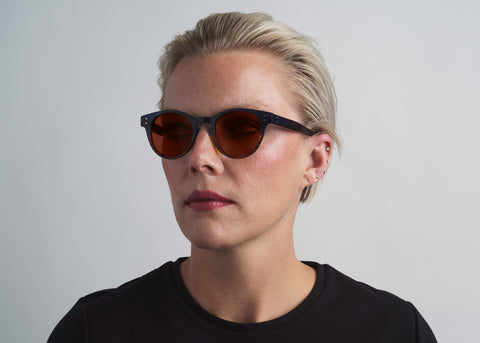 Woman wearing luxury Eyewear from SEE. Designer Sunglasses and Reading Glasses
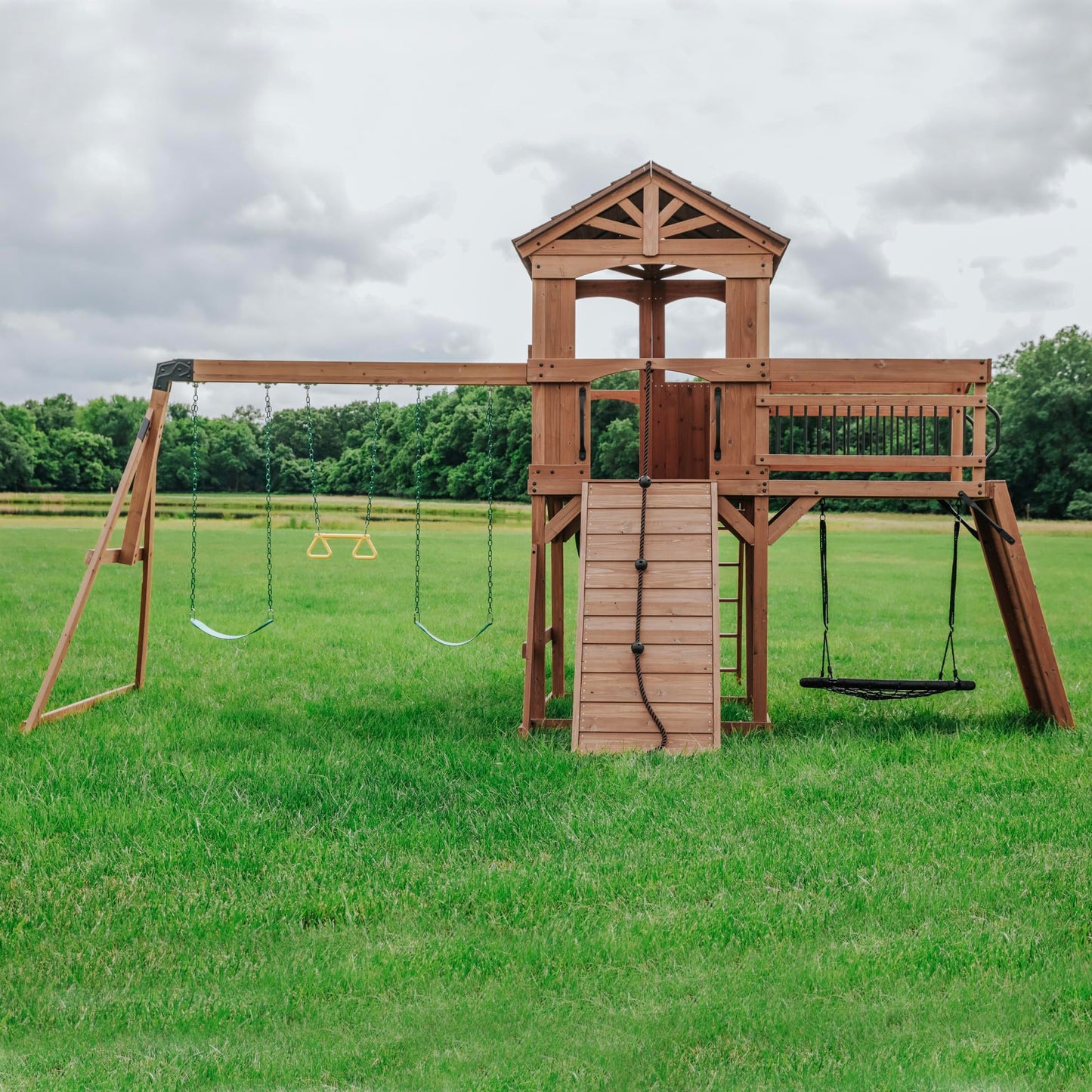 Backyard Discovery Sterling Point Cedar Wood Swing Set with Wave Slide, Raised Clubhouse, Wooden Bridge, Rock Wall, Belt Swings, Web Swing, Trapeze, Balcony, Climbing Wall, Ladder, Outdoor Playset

================

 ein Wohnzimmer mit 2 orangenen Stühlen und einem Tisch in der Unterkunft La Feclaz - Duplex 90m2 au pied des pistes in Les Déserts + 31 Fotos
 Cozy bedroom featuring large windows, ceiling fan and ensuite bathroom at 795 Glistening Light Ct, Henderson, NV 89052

================

Copy out the lines above exactly, beginning at the one that contains "ein Wohnzimmer mit" and ending at the one that contains "Cozy bedroom featuring".

 ein Wohnzimmer mit 2 orangenen Stühlen und einem Tisch in der Unterkunft La Feclaz - Duplex 90m2 au pied des pistes in Les Déserts + 31 Fotos
 Cozy bedroom featuring large windows, ceiling fan and ensuite bathroom at 795 Glistening Light Ct, Henderson, NV 89052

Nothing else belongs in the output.